Ein Stück darf auf den Spielplänen der Opernhäuser der Republik auf keinen Fall fehlen. Engelbert Humperdincks "Hänsel und Gretel" ist das Werk schlechthin, um das ganz junge Publikum mit dem Medium vertraut zu machen. Bei der Wiederaufnahme von Birgit Eckenwebers Hexen-Klamauk aus dem Jahr 2010 hatten am Sonntag nicht nur die Zuschauer ihren Spaß.
An vielen Häusern fristet die Märchenoper ein Nischendasein. Steht “Hänsel und Gretel” auf dem Spielplan, schlägt oft die Stunde der Sänger aus der zweiten und dritten Reihe des Ensembles. Das Märchenspiel in wagnerscher Tradition ist kein Stoff für die Netrebkos und Kaufmanns dieser Welt. Große Dirigenten machen um das Werk vorzugsweise einen weiten Bogen. Anders in Leipzig. Hier steht Intendant Ulf Schirmer höchstpersönlich am Pult, der fernab jeglicher Klangexperimente den Geist des Werks zum Leben zu erwecken weiß.
Erwischt man die richtige Vorstellung, erlebt man in Leipzig sogar die erste Sängergarde des Ensembles. Shootingstar Olena Tokar zelebrierte am Sonntagnachmittag die Gretel-Partie mit einer Hingabe, als würde sie gerade die Hauptrolle in einem großen Verdi-Abend singen. Sandra Janke wirkte als Hänsel angesichts der überwältigenden Darbietung ihrer Bühnenpartnerin trotz eines starken Auftritts fast ein wenig blass. Karin Lovelius, die kurzfristig für die erkrankte Kathrin Göring eingesprungen war, legte einen spielerisch wie stimmlich überzeugenden Auftritt als strenge Mutter hin, die die Kinder zum Beerensammeln in den Wald jagt. Dass sie die Partie schon in der Vormittagsvorstellung gesungen hatte, war ihr kein bisschen anzumerken.
Jürgen Kurth (Peter) und Nora Lentner (Sandmännchen, Taumännchen) sangen ihre Partien gewohnt zuverlässig. Gewinner des Nachmittags war allerdings Keith Bold, der die böse Knusperhexe nicht nur brillant gesungen, sondern die Rolle auch mit spürbarem Spaß an der Sache verkörpert hat. Im rosaroten Hexenkostüm, natürlich stilecht mit Hakennase, hüpfte und tanzte der Tenor zu Humperdincks Melodien über Alexander Mudlagks Bilderbuchbühne.
Anders als an vielen westdeutschen Häusern ist in Leipzig eine erfrischend moderne Inszenierung zu sehen, die stark von der zeitgenössischen Märchen- und Fantasy-Ästhetik beeinflusst ist.

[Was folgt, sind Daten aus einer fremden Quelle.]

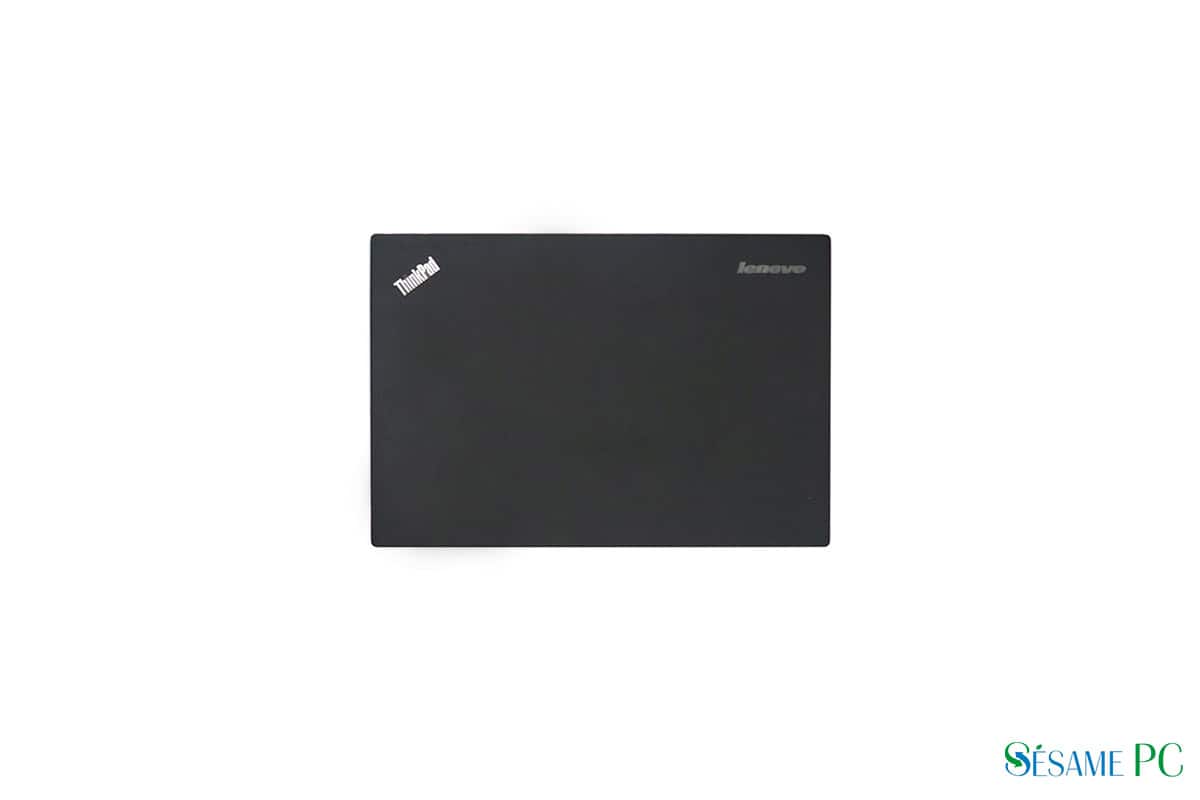 Lenovo-ThinkPad-x240-dessus-sesamepc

Eckenweber trägt den spätromantischen Märchenstoff in einer farbenfrohen Bildsprache hinein ins frühe 21. Jahrhundert. Eingefleischte Fans der Leipziger Oper wissen längst, dass sie hier eine der besseren Inszenierungen aus dem breiten Repertoire des Hauses zu sehen bekommen.
Oper Leipzig
Hänsel und Gretel
Engelbert Humperdinck
Nächste Termine: 29.11., 6.12. (2 Vorstellungen), 16.12.